[Dataset excerpt Boundary: Start]

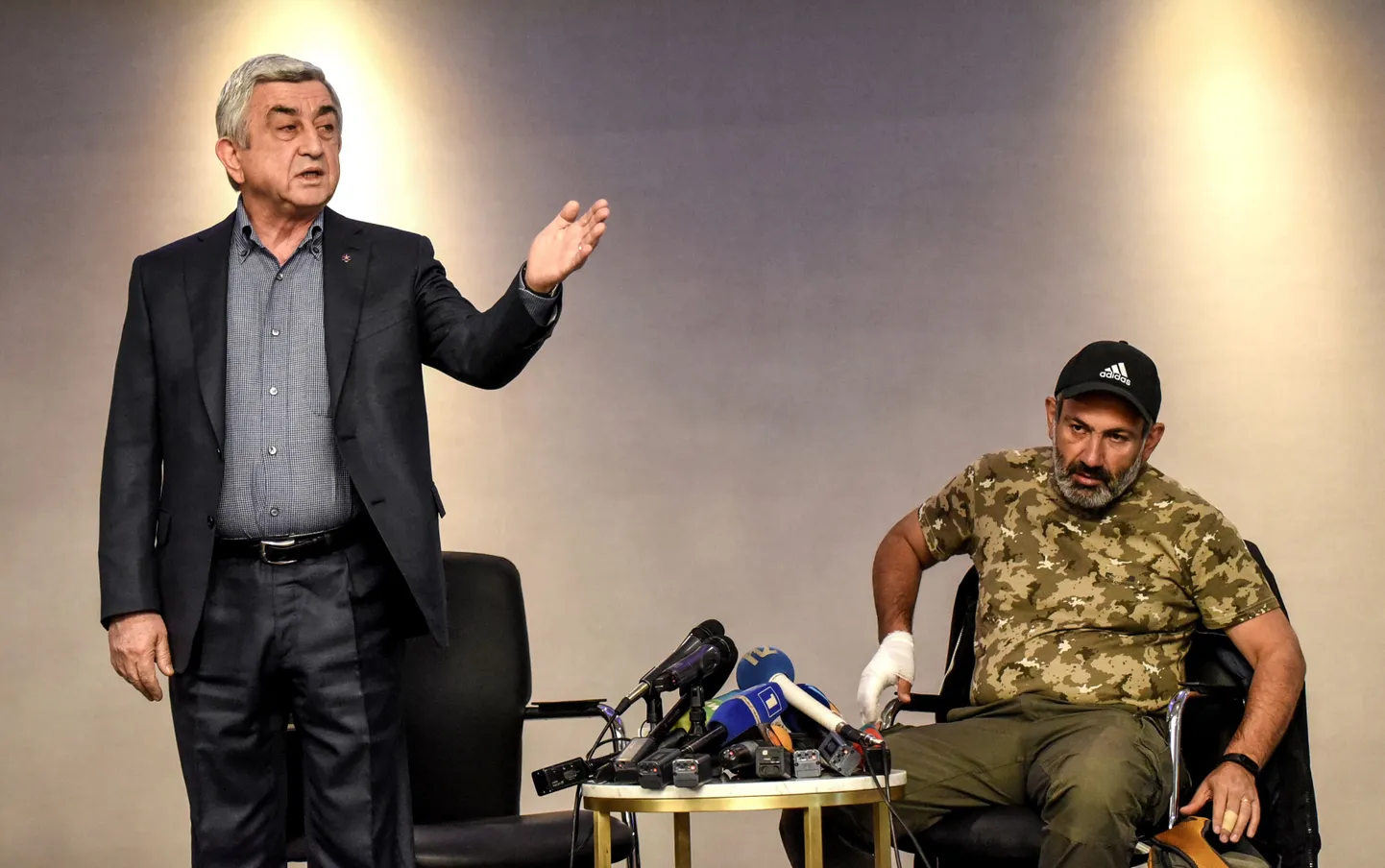 Armeenia peaminister Serž Sargsjan (vasakul) ja opositsioonipoliitik Nikol Pašinjan eilsel kohtumisel, mis kestis kaks minutit.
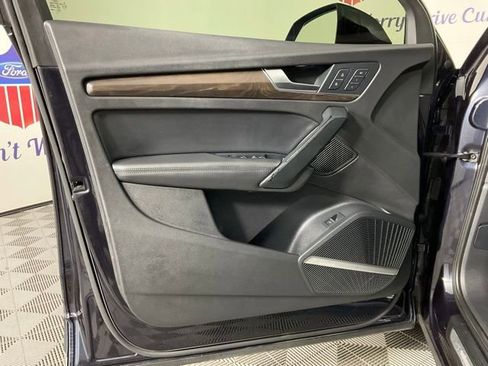 Used 2018 Audi Q5 Prestige w/ Prestige Package image 12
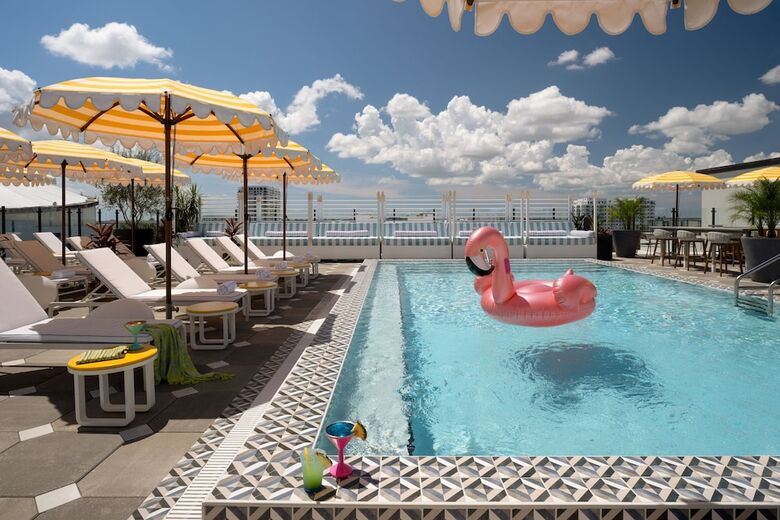 Hotel Moxy St. Petersburg Downtown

[Dataset excerpt Boundary: End]

- Work task
The pictures in the listing above are to be dropped, and everything else reproduced exactly.

- Completed task
 Armeenia peaminister Serž Sargsjan (vasakul) ja opositsioonipoliitik Nikol Pašinjan eilsel kohtumisel, mis kestis kaks minutit.
 Used 2018 Audi Q5 Prestige w/ Prestige Package image 12
 Hotel Moxy St. Petersburg Downtown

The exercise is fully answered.